Let $f:\mathbb{R^3} \to \mathbb{R}$ be defined by $f(x,y,z)=(x-1)^2-yz$. For what values of $t \in \mathbb{R}$, is $f^{-1}(t)$ an embedded submanifold of $\mathbb{R^3}$ of dimension $2$?
The Jacobian of this function is of the form $[2x-2,-z,-y]$. The jacobian has full rank unless $x=1,y=0$ and $z=0$. Also $f(1,0,0)=0$. Thus I have to look at $f^{-1}(t)$ for $t=0$. Now the hessian matrix at $t=0$ is of the form $$\begin{bmatrix} 2 & 0 & 0\\ 0 & 0 & -1\\ 0 & -1 & 0\\ \end{bmatrix}$$
Let $D_1=2, D_2=\begin{bmatrix} 2 & 0 \\ 0 & 0 \\ \end{bmatrix},D_3=\begin{bmatrix} 2 & 0 & 0\\ 0 & 0 & -1\\ 0 & -1 & 0\\ \end{bmatrix}$. Then $|D_1|=2, |D_2|=0,|D_3| \ne 0$. Hence $(1,0,0)$ is a saddle point. Thus $f^{-1}(t)$ is an embedded submanifold except for when $t=0$.
Is this alright?
Thanks for the help!!
In general, it might be difficult to tell if a set is an embedded smooth submanifold or not. However, in your case, you are lucky because $f^{-1}(0)$ is not even a two-dimensional topological manifold near $(1,0,0)$.

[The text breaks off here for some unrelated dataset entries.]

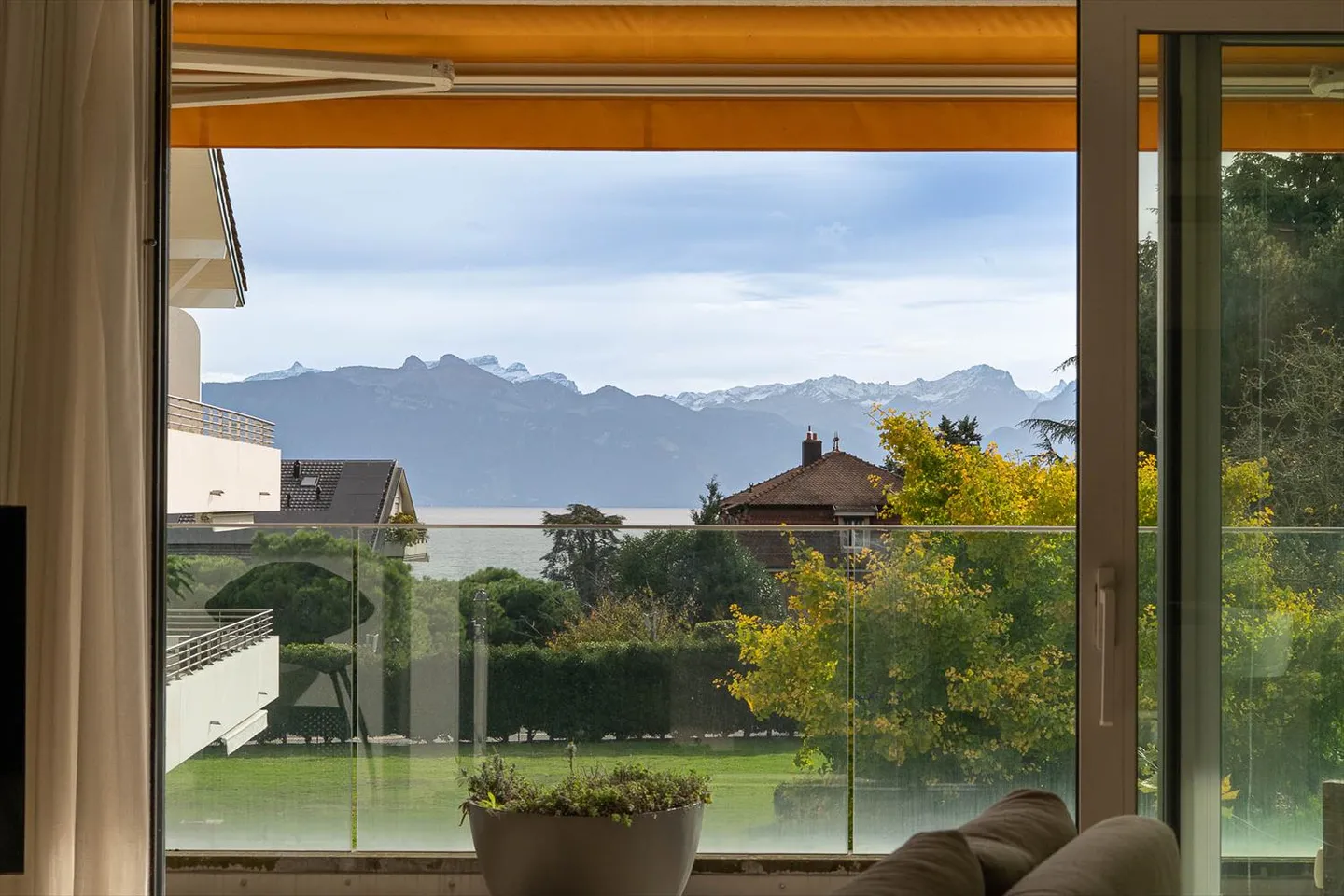 3.5 Room Apartment - Photo 2 of 12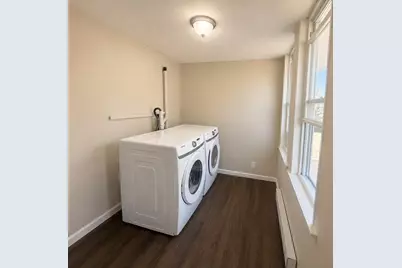 32 Sycamore Ave, Brockton, MA 02301 - Photo 3
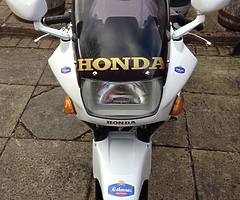 1986 Honda VFR 700 - Image 6/10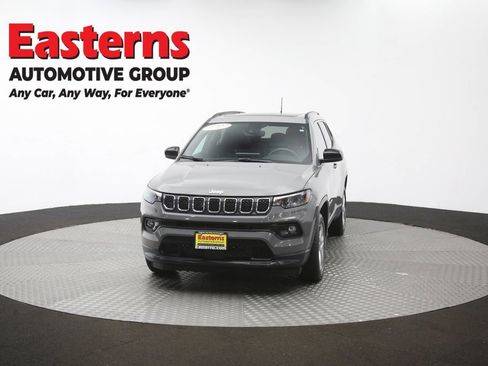 Used 2023 Jeep Compass Latitude w/ Sun and Sound Group AWD/4WD image 55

Note that your function $f$ is a translated quadratic form (it is of the form $x'^2 = yz$ for $x' = x - 1$). This form has signature $(+,+,-)$ so the zero level set $S = f^{-1}(0)$ is an elliptic double cone (plot done using wolfram cloud):
Intuitively, this is not a topological two-dimensional manifold near the vertex $v = (1,0,0)$. To see this formally, note that any open neighborhood $U$ of $v$ in $S$ has the property that $U \setminus \{ v \}$ is disconnected (by throwing away $v$ we split the cone into two parts). Hence, $U$ cannot be homeomorphic to a two-dimensional open ball because if you throw away a point from a two-dimensional open ball, you are left with a connected space.